A través de su dialéctica, Ortega nos resalta que la sociedad es siempre una unidad dinámica de dos factores: minorías y masas. Las minorías están representadas por individuos o grupos de individuos especialmente cualificados, mientras que la masa es todo su contrario. Pero aquí él introduce un elemento resaltante: masa es “el hombre medio”, independientemente de su posición económica o social. Así, la división que hace el filósofo de las dos clases de criaturas es tajante: por un lado, las personas que se exigen mucho y acumulan sobre sí mismas dificultades y deberes y, por la otra, las que no se exigen nada especial, ni hacen esfuerzo de perfección sobre sí mismas. Conforme a lo expuesto, dentro de cada clase social hay masa y minoría auténtica.
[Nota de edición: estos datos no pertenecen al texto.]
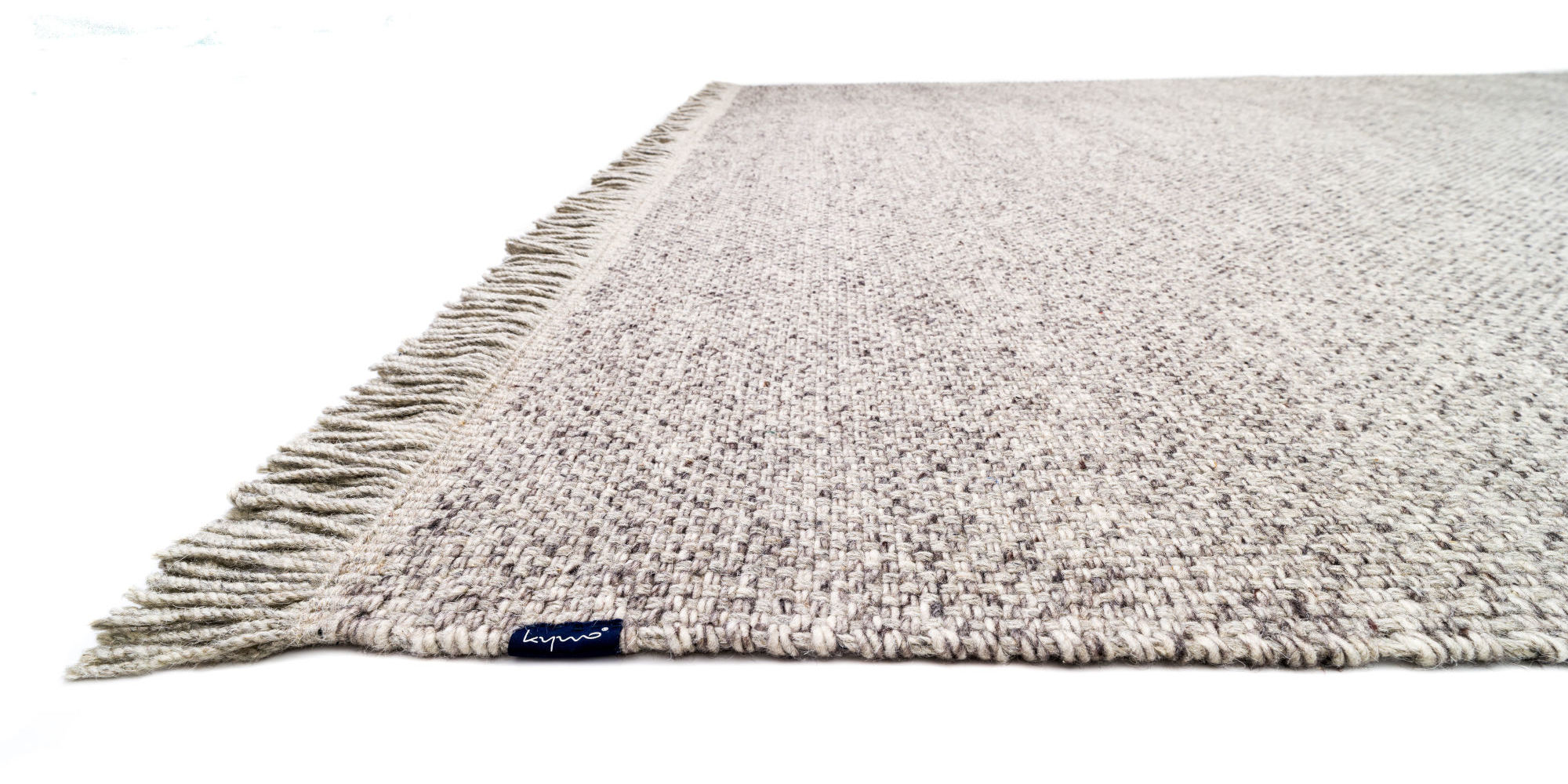 natural undyed wool rug handwoven grey with fringes and sound-absorbing felt-backing TWEED-1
Pero antes de seguir adelante se impone hacer referencia a una significativa precisión que nos hace el autor en relación con el pensar (o su manera de pensar): “Pensar es, quiérase o no, exagerar; quien prefiera no exagerar tiene que callarse… tiene que paralizar su intelecto y ver la manera de idiotizarse”. Avancemos, entonces, con su aguda y “exagerada” argumentación.

Un dato estadístico explica el cambio de los vientos. Desde que se inicia la historia europea, en el siglo VI, hasta el año 1800 la población de esa región logra alcanzar la cifra de 180 millones de habitantes. En poco más de un siglo, para 1914, la población asciende a 460 millones de habitantes. Ese dato explicará, entonces, el triunfo de las masas y cuanto en él se refleja y se anuncia.
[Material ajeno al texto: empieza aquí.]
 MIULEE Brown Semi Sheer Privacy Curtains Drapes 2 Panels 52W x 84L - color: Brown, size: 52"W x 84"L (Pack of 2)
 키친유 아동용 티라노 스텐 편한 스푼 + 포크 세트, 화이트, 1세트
Lo anterior también explica las expresiones de otros filósofos prominentes. “¡Las masas avanzan!”, decía Hegel. “Sin un nuevo poder espiritual, nuestra época, que es una época revolucionaria, producirá una catástrofe”, anunciaba Augusto Comte. “¡Veo subir la pleamar del nihilismo!”, gritaba Nietzsche. Todas esas manifestaciones fueron producto de una nueva realidad: el hombre medio de cualquier clase social encontraba más fácil su horizonte económico. Además, cada día su posición era más segura y más independiente del arbitrio ajeno.

Desde la segunda mitad del siglo XIX, ese hombre medio no tiene ante sí ningunas barreras sociales. Antes, para el “vulgo” de todas las épocas, “vida” era sinónimo de limitación, dependencia y presión. Al romperse dichas barreras a las masas solo les preocupa su bienestar y al mismo tiempo son insolidarias de las causas y origen de ese bienestar. Eso explica que en los motines que la escasez causa, las masas suelan destruir todo lo que encuentran a su paso. Con ese proceder ellas se aniquilan a sí mismas.
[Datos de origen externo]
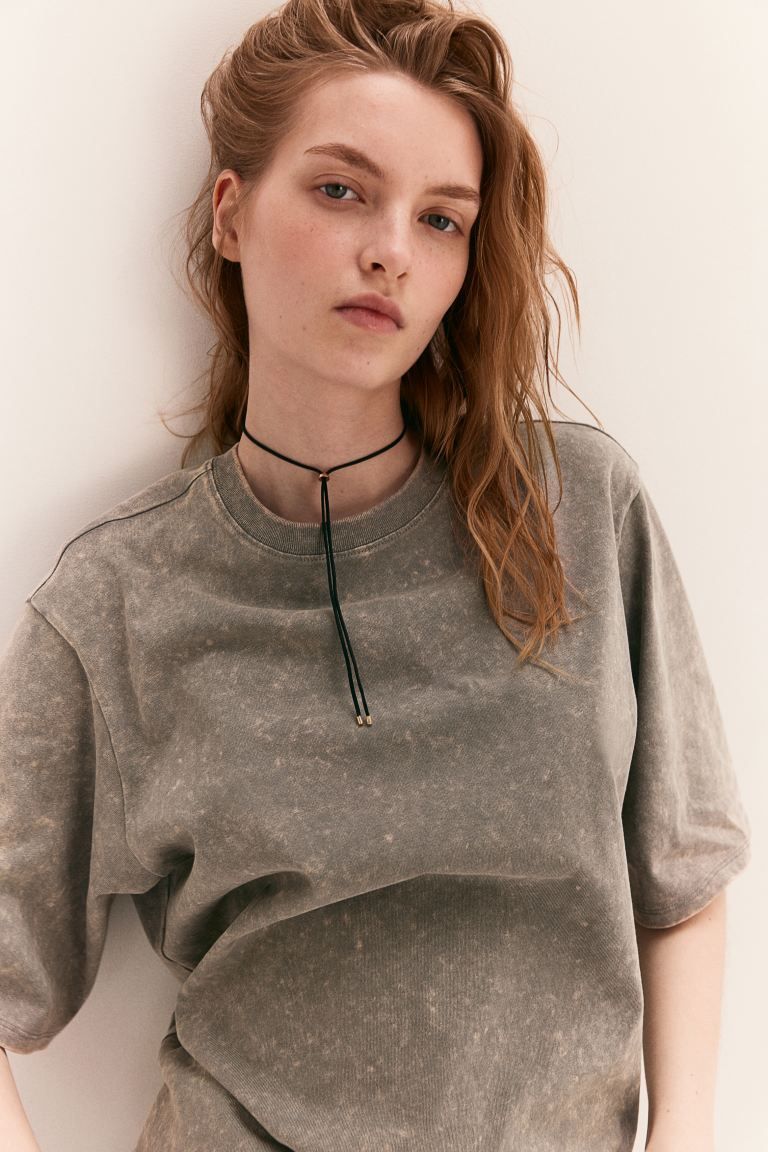 Oversized T-shirt - Gray/washed - Ladies | H&M US | H&M (US + CA)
Ese proceso histórico conduce a un momento en que el vulgar cree que es sobresaliente, distinguido y no vulgar, y que en razón de ello proclame e imponga el derecho de la vulgaridad. Así, el hombre medio tiene las “ideas” más tajantes sobre cuánto acontece y debe acontecer en el universo. No hay cuestión de la vida pública en el que no intervenga, sordo y ciego como es, imponiendo sus “opiniones”. Por tanto, las “ideas” de ese hombre medio no son auténticas ideas, ni su posición es cultura, toda vez que no hay cultura en la que no hay principios de legalidad civil a que apelar. Es por eso que todas las épocas bárbaras han sido tiempos de desparramamiento humano. (Así ocurre ahora en Venezuela, a consecuencia de la “revolución bonita”).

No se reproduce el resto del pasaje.